Après les quatre roues initiales, il a ensuite désigné des véhicules à deux roues tirés par des chevaux, des plateformes de défilé, puis des machines de guerre montées sur chenilles et blindées. Mais le mot a aussi donné naissance au verbe charger, à charette, charrier (transporter, puis exagérer), chariot, carrosse. De même source mais d’une dérivation différente, le mot charrue désignait en Gaule un instrument aratoire muni de roues, puis a nommé l’instrument du labour romain sans roues, appellation qui nous est restée. Chez nous, cependant, sous l’influence de notre usage du char pour véhicule automobile, il arrive que la charrue soit le chasse-neige ouvrant les sillons des routes pour y semer des voitures.
Le terme général véhicule, quant à lui, vient du nom latin vehiculum (moyen de transport), lequel dérive du verbe vehere (transporter), d’où l’on tirera vers 1540 le mot français voiture. Trois cents ans plus tard utilisée dans les papiers officiels, c’est l’expression véhicule automobile qui permettra ensuite le raccourci automobile, puis auto, pour nommer nos habitacles roulants motorisés. On notera à cet égard que quasi prophétiquement, automobile est un terme hybride référant à la fois au grec et au latin. En version uniforme latine, nos autos auraient pu s’appeler des ipsomobiles, comme dans ipso facto (par le fait même); on en grec, des autokinelles ou autokinettes, de kinesis (mouvement), comme dans l’appellation Kino du programme d’aide à la production de courts métrages québécois lancé en 1999.

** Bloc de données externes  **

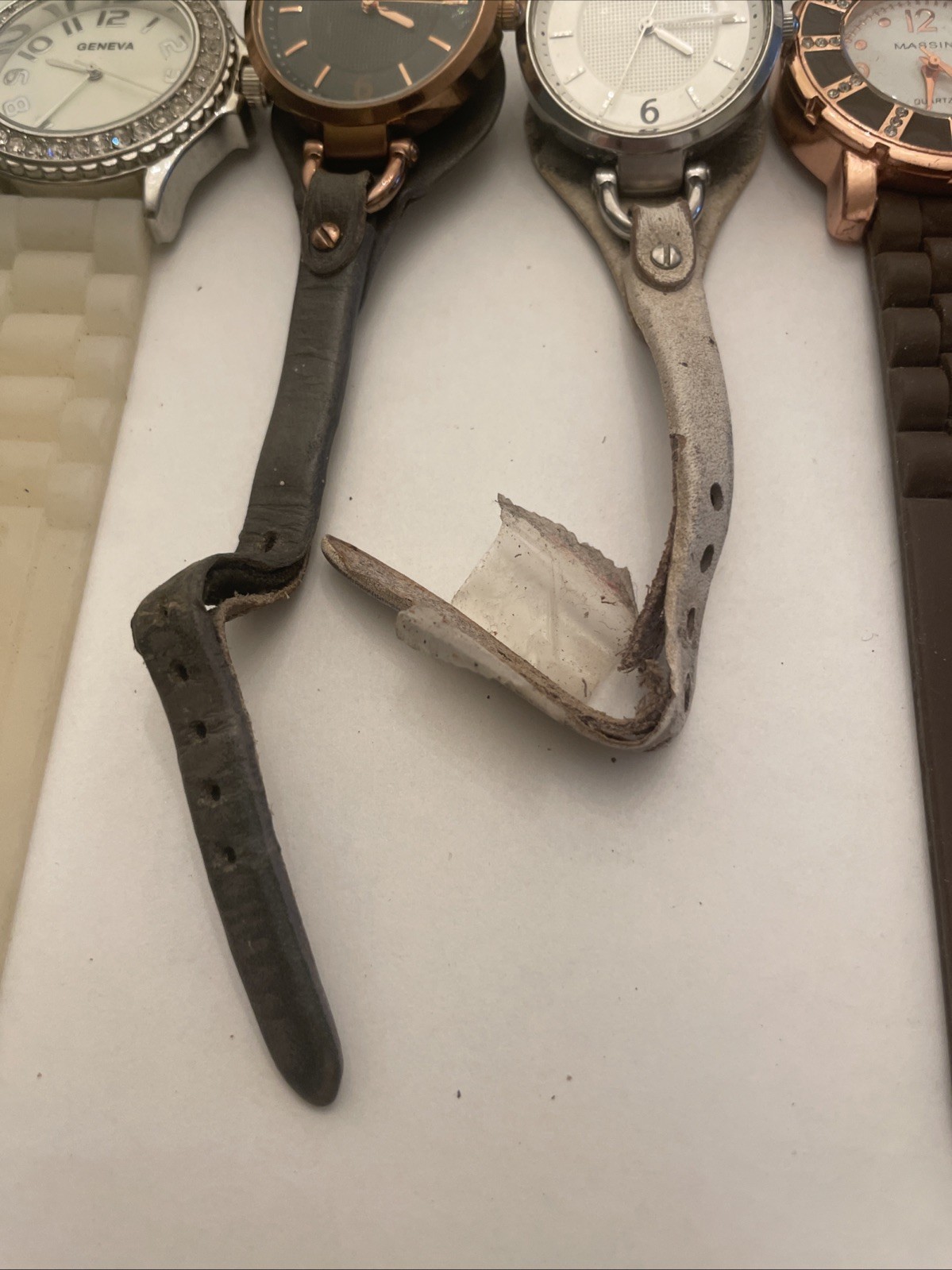 Geneva, Fossil, Massini, Doc-Tock,CC Watch Lot Of 6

On notera que l’automobile a aussi donné naissance à l’autobus (1906) en croisant le plus ancien terme d’omnibus (en latin, pour tous) qui désignait un véhicule capable de transporter plusieurs passagers. Ont suivi l’autocar (1910), véhicule confortable permettant de faire de longs trajets; l’auto-école (1925), plus de cent ans après le véhicule lui-même, comme quoi on apprenait à conduire par soi-même; l’automobiliste (1896), parfois immobilisé sur l’autoroute (1928); puis l’auto-stop (1953), qu’au Québec nous appelons le pouce.
J’ajoute, pour l’entendre souvent, qu’on ne porte pas quelqu’un quelque part, mais qu’on le transporte ou le véhicule; et qu’au classique lift offert, on peut préférer parler de voyage, de voyagement ou de transport.